For our number five starter (the league average innings eater) we have several candidates. Interestingly, most of them are lefties. Tom Gorzelanny, John Lannon, and Ross Detwiler will still be under team control. Tom Milone is currently pitching very well in Syracuse, and 2010 draft pick Sammy Solis (currently with Potomac) could advance quickly. My hunch is that Milone will prove to be the best of this group, but really it could be any of them, another prospect, or, if necessary, a one- or two-year rental.

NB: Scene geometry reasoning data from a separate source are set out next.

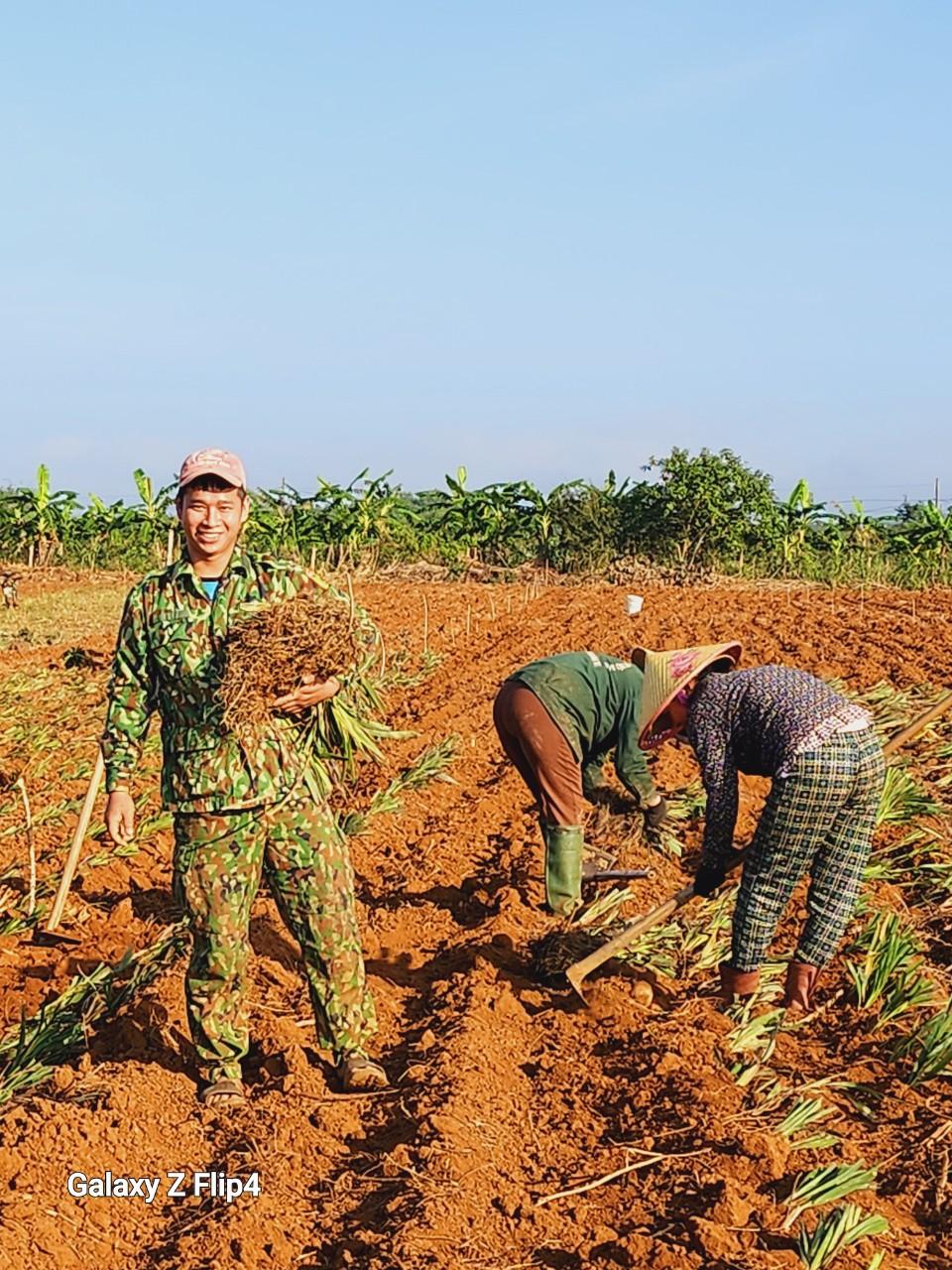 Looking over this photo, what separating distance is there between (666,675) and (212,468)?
162 centimetres

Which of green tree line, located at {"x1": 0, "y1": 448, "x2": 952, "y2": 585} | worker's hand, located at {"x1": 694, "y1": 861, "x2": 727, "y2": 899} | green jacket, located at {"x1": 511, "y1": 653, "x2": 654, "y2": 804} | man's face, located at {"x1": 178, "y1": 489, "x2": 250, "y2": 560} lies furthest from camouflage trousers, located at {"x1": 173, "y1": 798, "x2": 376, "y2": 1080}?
green tree line, located at {"x1": 0, "y1": 448, "x2": 952, "y2": 585}

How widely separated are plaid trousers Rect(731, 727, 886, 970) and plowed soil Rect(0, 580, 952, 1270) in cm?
35

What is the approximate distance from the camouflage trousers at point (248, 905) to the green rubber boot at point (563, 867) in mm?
1414

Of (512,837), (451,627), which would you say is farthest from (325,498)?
(512,837)

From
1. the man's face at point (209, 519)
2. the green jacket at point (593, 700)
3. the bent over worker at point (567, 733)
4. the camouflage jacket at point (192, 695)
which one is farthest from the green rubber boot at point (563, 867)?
the man's face at point (209, 519)

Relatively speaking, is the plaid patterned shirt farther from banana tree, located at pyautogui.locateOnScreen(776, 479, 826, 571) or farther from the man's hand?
banana tree, located at pyautogui.locateOnScreen(776, 479, 826, 571)

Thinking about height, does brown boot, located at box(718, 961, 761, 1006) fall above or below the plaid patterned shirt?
below

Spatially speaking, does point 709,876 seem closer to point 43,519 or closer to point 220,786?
point 220,786

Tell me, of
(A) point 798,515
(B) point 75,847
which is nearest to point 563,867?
(B) point 75,847

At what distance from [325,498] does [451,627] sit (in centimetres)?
776

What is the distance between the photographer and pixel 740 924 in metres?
4.26

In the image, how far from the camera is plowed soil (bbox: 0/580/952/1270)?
3.26m

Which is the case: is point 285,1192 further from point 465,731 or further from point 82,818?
point 465,731

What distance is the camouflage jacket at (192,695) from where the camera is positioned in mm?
3764
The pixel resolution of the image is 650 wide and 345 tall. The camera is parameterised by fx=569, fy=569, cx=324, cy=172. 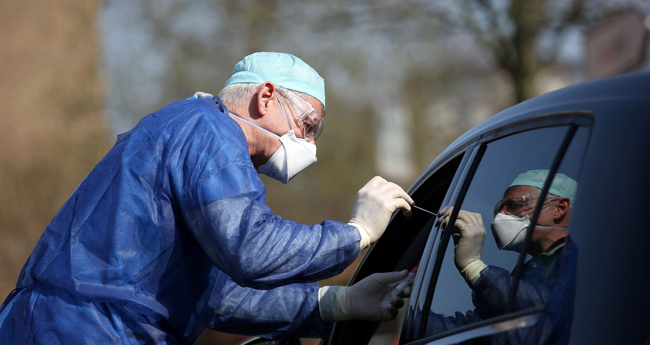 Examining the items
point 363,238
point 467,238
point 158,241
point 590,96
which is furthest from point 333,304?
point 590,96

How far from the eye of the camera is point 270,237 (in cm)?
169

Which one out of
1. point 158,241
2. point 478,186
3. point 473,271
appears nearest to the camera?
point 473,271

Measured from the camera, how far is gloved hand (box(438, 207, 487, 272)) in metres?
1.43

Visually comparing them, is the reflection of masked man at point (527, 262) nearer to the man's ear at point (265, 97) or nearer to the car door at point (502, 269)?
the car door at point (502, 269)

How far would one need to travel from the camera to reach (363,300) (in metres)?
2.26

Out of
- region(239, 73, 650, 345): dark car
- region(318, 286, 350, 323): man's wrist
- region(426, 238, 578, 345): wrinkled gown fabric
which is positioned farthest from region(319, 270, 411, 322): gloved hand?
region(426, 238, 578, 345): wrinkled gown fabric

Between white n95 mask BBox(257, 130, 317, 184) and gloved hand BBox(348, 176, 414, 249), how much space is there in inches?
14.4

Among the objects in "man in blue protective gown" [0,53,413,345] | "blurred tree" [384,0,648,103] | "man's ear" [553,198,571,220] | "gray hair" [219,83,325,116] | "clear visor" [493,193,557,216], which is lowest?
"man in blue protective gown" [0,53,413,345]

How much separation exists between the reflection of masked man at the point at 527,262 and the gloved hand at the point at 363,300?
2.08 ft

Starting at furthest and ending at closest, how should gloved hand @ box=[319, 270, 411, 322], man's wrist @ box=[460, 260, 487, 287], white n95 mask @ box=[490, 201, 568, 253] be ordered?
gloved hand @ box=[319, 270, 411, 322]
man's wrist @ box=[460, 260, 487, 287]
white n95 mask @ box=[490, 201, 568, 253]

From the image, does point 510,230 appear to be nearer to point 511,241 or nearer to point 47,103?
point 511,241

That leaves the number two slot, which is one I think we’ll probably need to fill through a trade or with a free agent. Some examples of pitchers who might fit our criteria for number two starters and who are not committed to their current team beyond 2012 include Erik Bedard, Chris Carpenter, Ryan Dempster, Edwin Jackson, and CJ Wilson. During the 2010–11 off-season, Mike Rizzo’s top priority was obtaining an excellent starting pitcher, and it should continue to be one of his top priorities until the need is filled.
As relief pitchers, we have several live arms under team control through at least 2013—Tyler Clippard, Cole Kimball, Ryan Mattheus, Henry Rodríguez, and Drew Storen. Relief pitchers, of course, are difficult to project, and not all of these young pitchers will be good two years from now. It’s important for the Nats to maintain a continued supply, which can be met through player development, converting less successful starters to the relief role, and making trades and short-term free agent signings. As we learned from the Matt Capps–Wilson Ramos trade, relief pitchers can also serve as great trading chips in filling our other roster needs.